• **TO DO**: Could you return, exactly as written, every line from the one containing "阿士丹超易洗墻面漆/質保10年/耐候性超強/抗污性能佳/進口原材料" through the last line of the entries below, leaving out the pictures?

Short descriptive text snippets
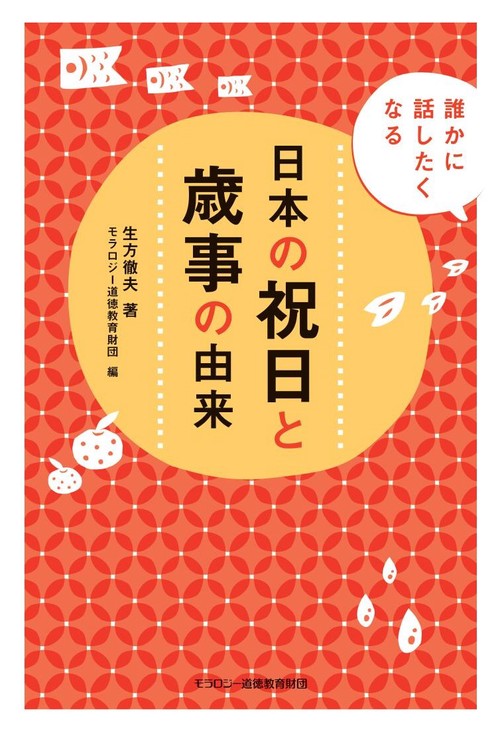 日本の祝日と歳事の由来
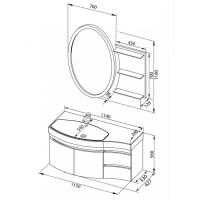 Тумба под раковину Aquanet Опера 2-115 L (2 дверцы, 2 ящика) 00169613, левая, цвет белый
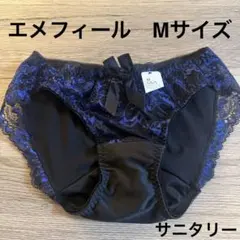 【新品タグ付き】エメフィール サニタリーショーツ Ｍサイズ aimerfeel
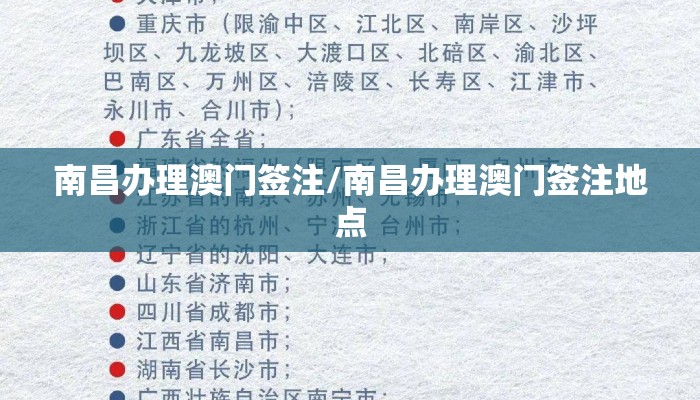南昌办理澳门签注/南昌办理澳门签注地点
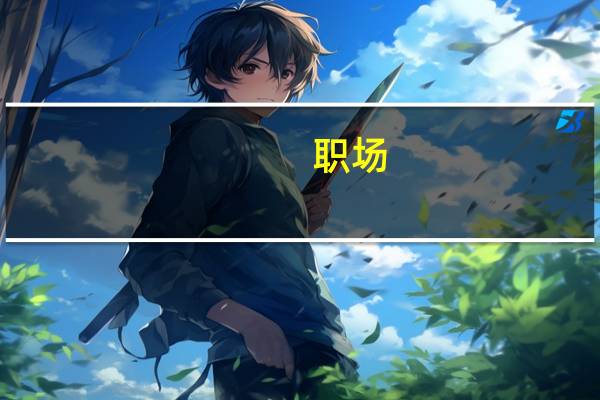 职场，背书是什么意思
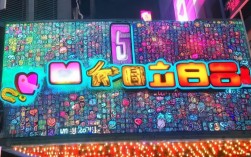 “快手点赞平台24小时最低价，你get了吗？”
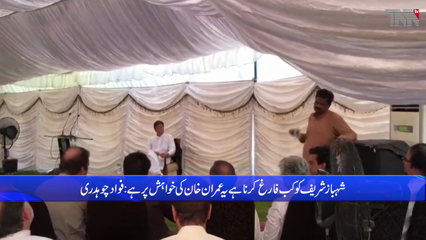 Islamabad-When Shahbaz Sharif is to be dismissed is on Imran Khan's wish says Fawad Chaudhry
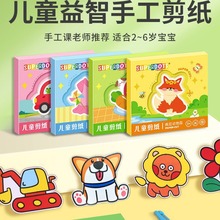 ���l��ͯ�ֹ������ۼ�����Ȥζ�׃��@�����������T��ע������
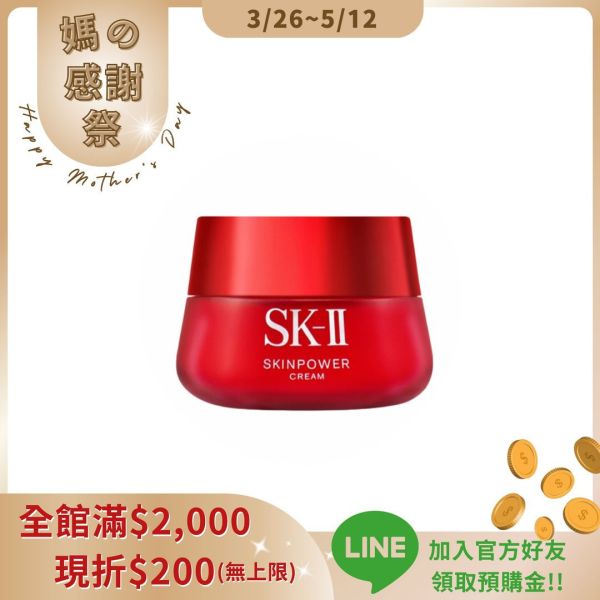 【SKII】肌活能量活膚霜80g / 100g 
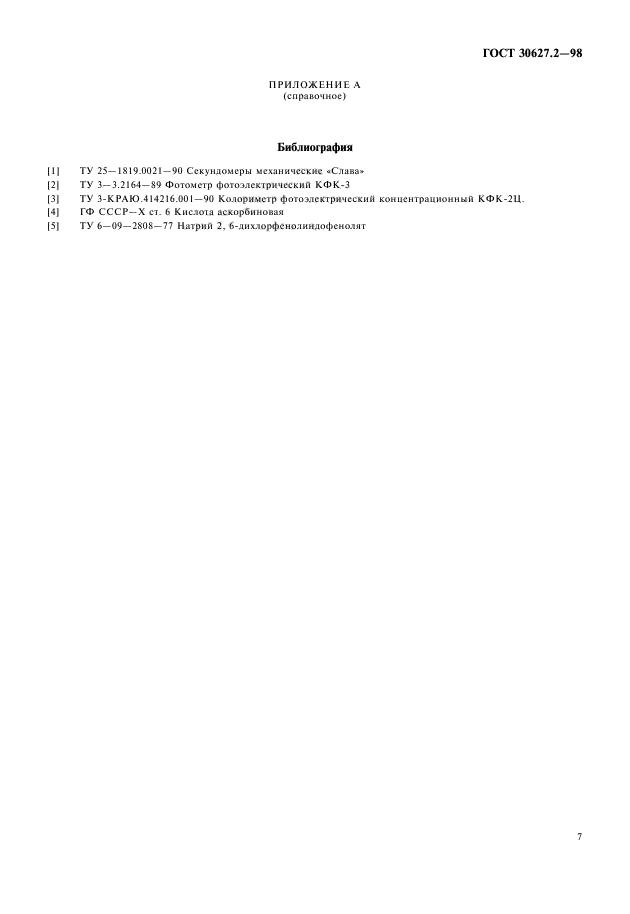 ГОСТ 30627.2-98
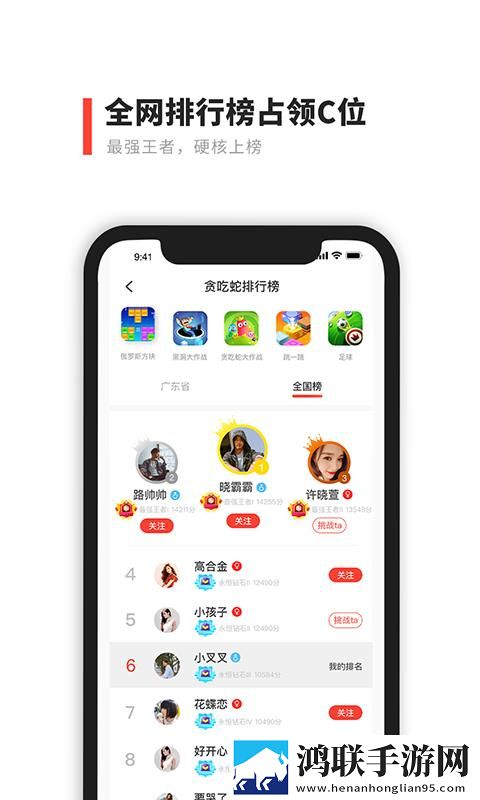 新男欢女爱在线观看电视剧同传版下载,新男欢女爱在线观看电视剧导演版导演剪辑版揭秘下载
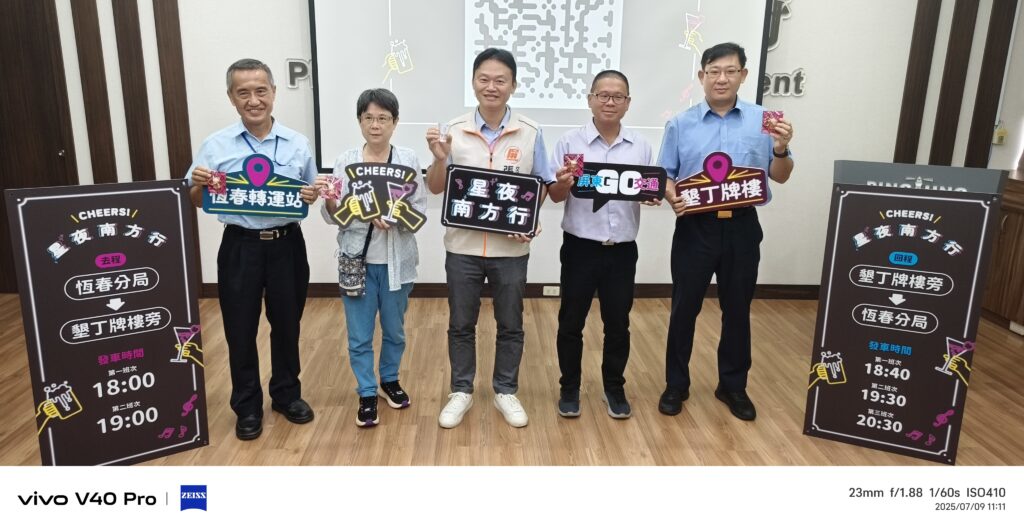 「星夜南方行雙層巴士」啟動　夏季限Chill旅程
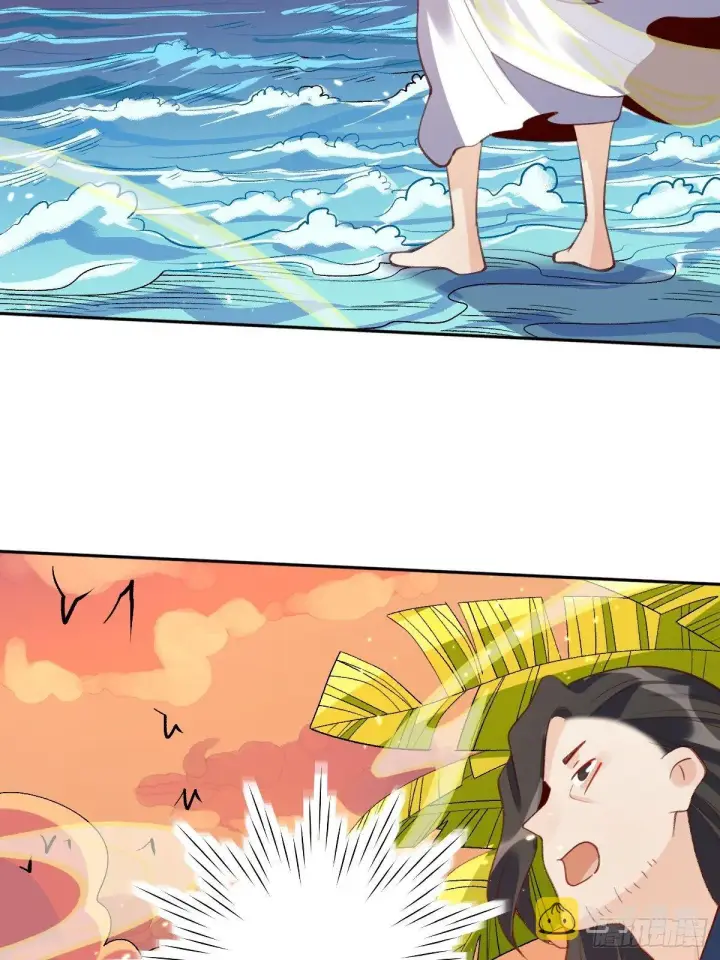 漫画《原来我是修仙大佬》四十三话第19张图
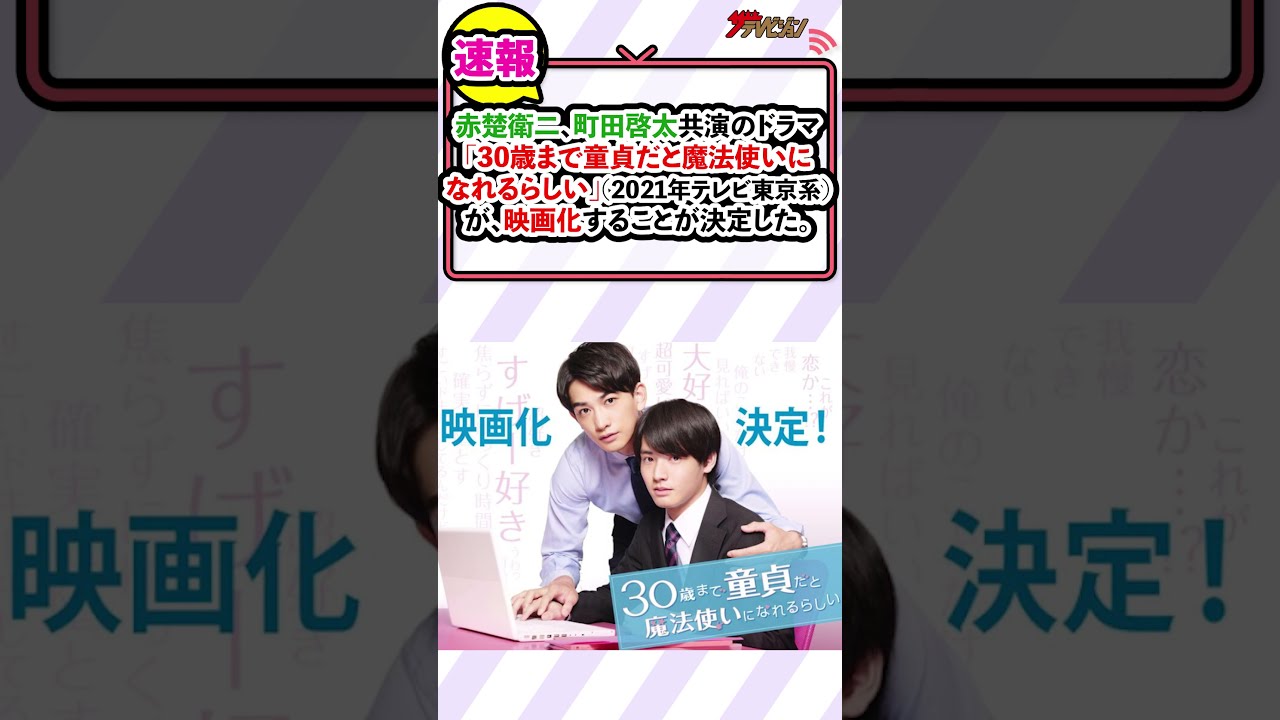 赤楚衛二&町田啓太「チェリまほ」が映画化決定!2人のその後が遂に描かれる『チェリまほ THE MOVIE ~30歳まで童貞だと魔法使いになれるらしい~』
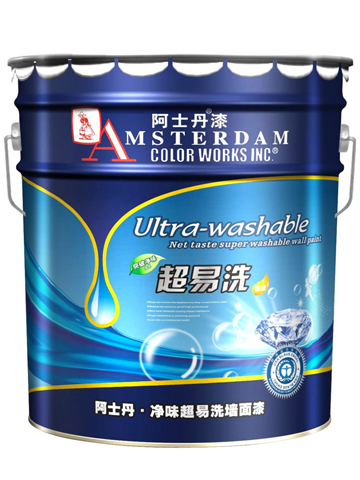 阿士丹超易洗墻面漆/質保10年/耐候性超強/抗污性能佳/進口原材料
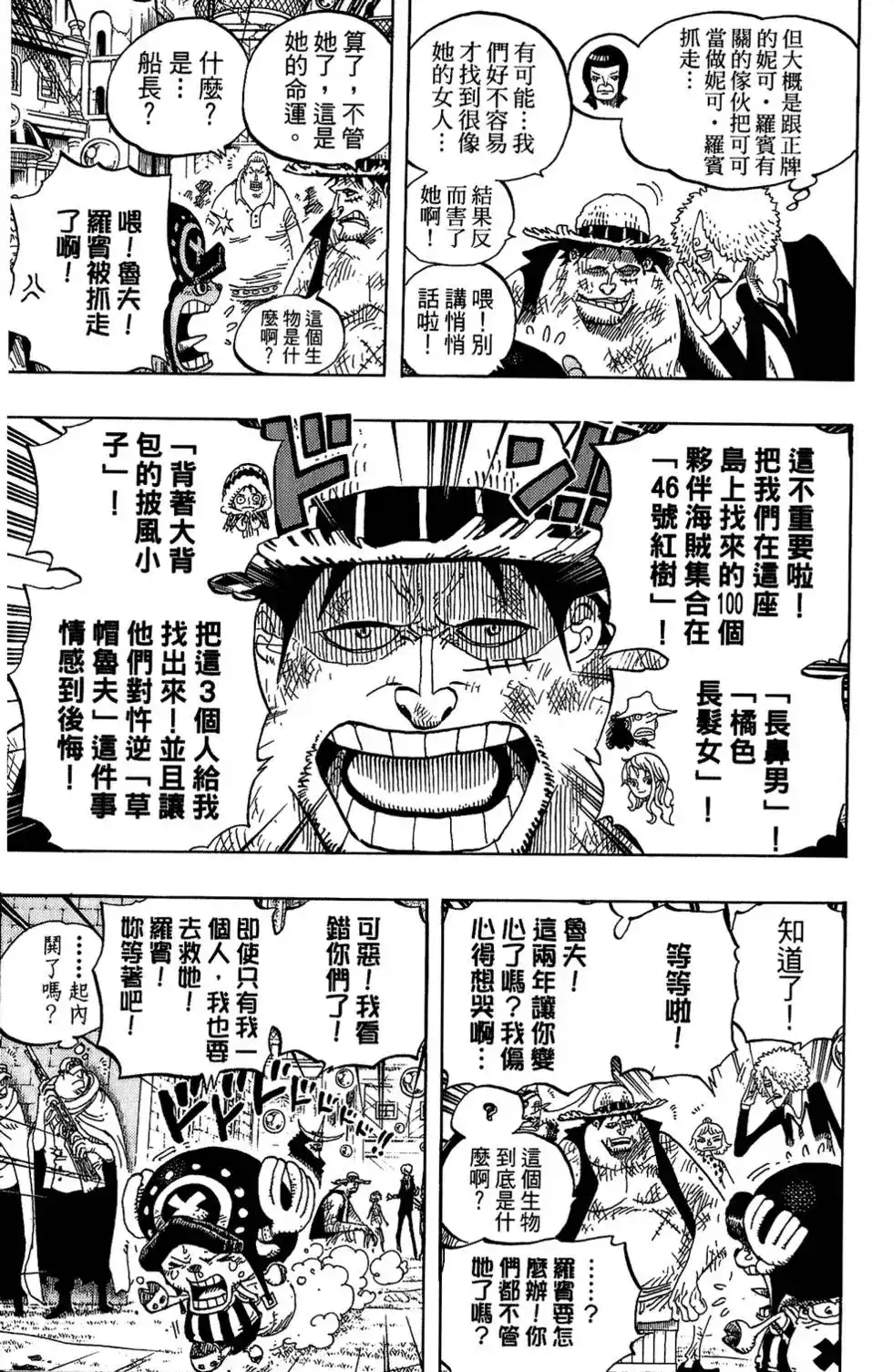 第116页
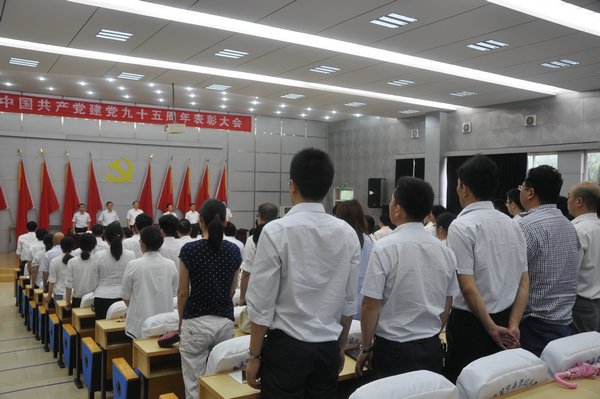 港澳免费资料大全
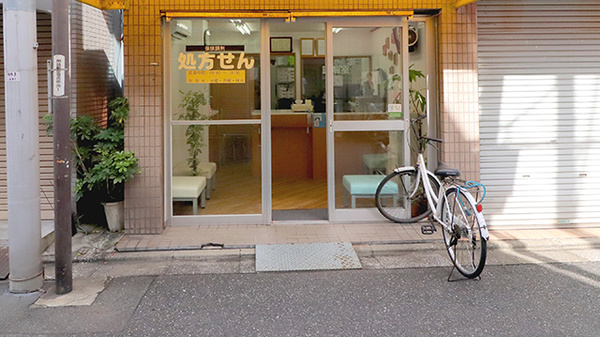 入口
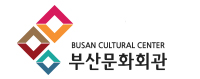 부산문화회관
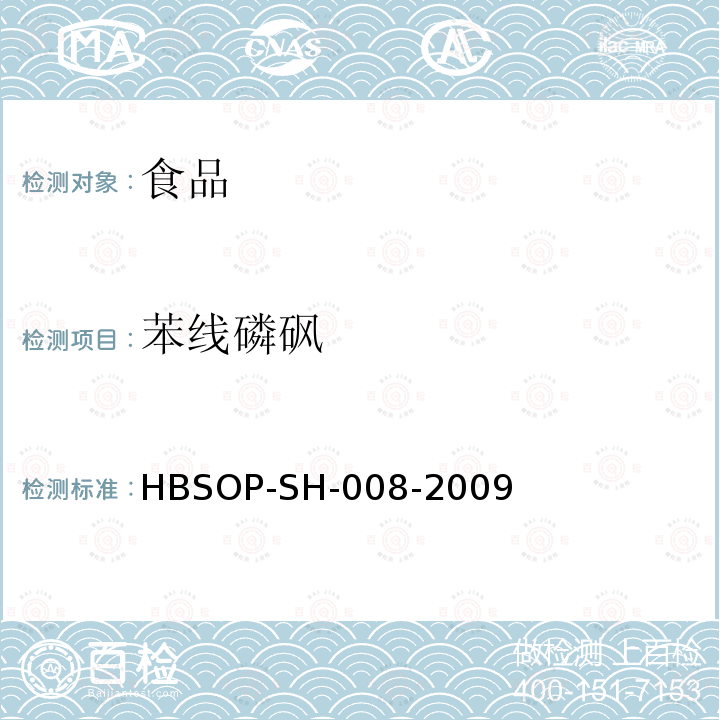 苯线磷砜 食品中106种农药残留量的检测HBSOP-SH-008-2009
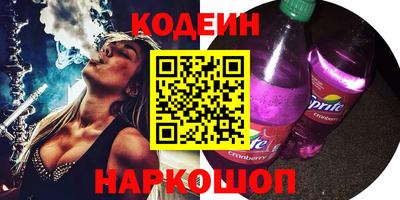 альфа пвп Новодвинск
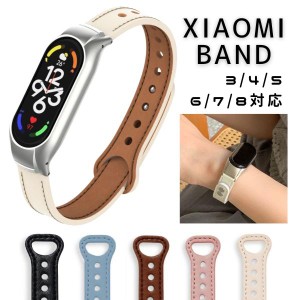 Xiaomi Smart Band 8 xiaomi Smart Band 7 スマートバンド7 Mi スマートバンド 5 6 対応 交換バンド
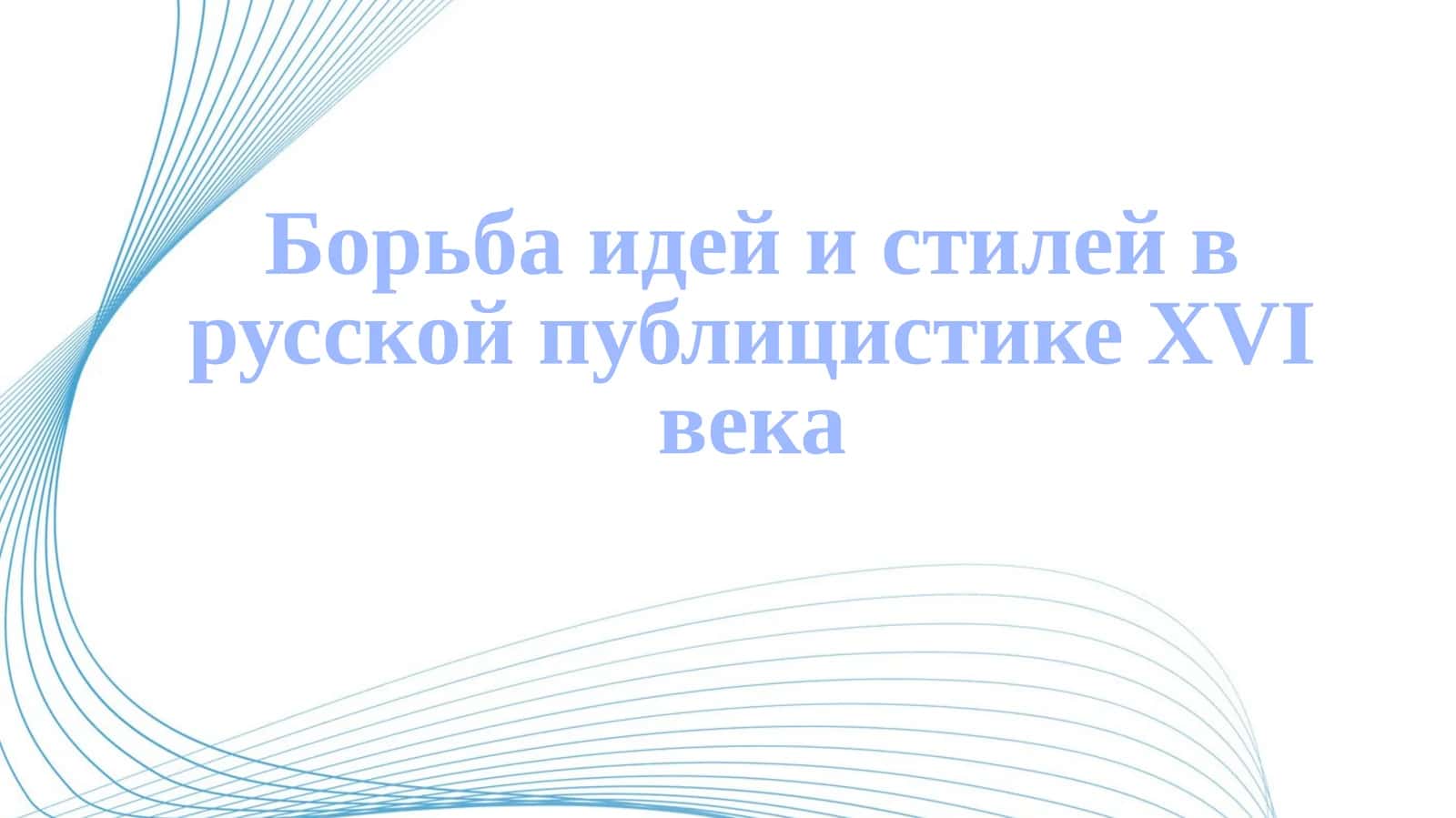 Борьба идей и стилей в русской публицистике XVI века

• **ANSWER BOX**:
 阿士丹超易洗墻面漆/質保10年/耐候性超強/抗污性能佳/進口原材料
 第116页
 港澳免费资料大全
 入口
 부산문화회관
 苯线磷砜 食品中106种农药残留量的检测HBSOP-SH-008-2009
 альфа пвп Новодвинск
 Xiaomi Smart Band 8 xiaomi Smart Band 7 スマートバンド7 Mi スマートバンド 5 6 対応 交換バンド
 Борьба идей и стилей в русской публицистике XVI века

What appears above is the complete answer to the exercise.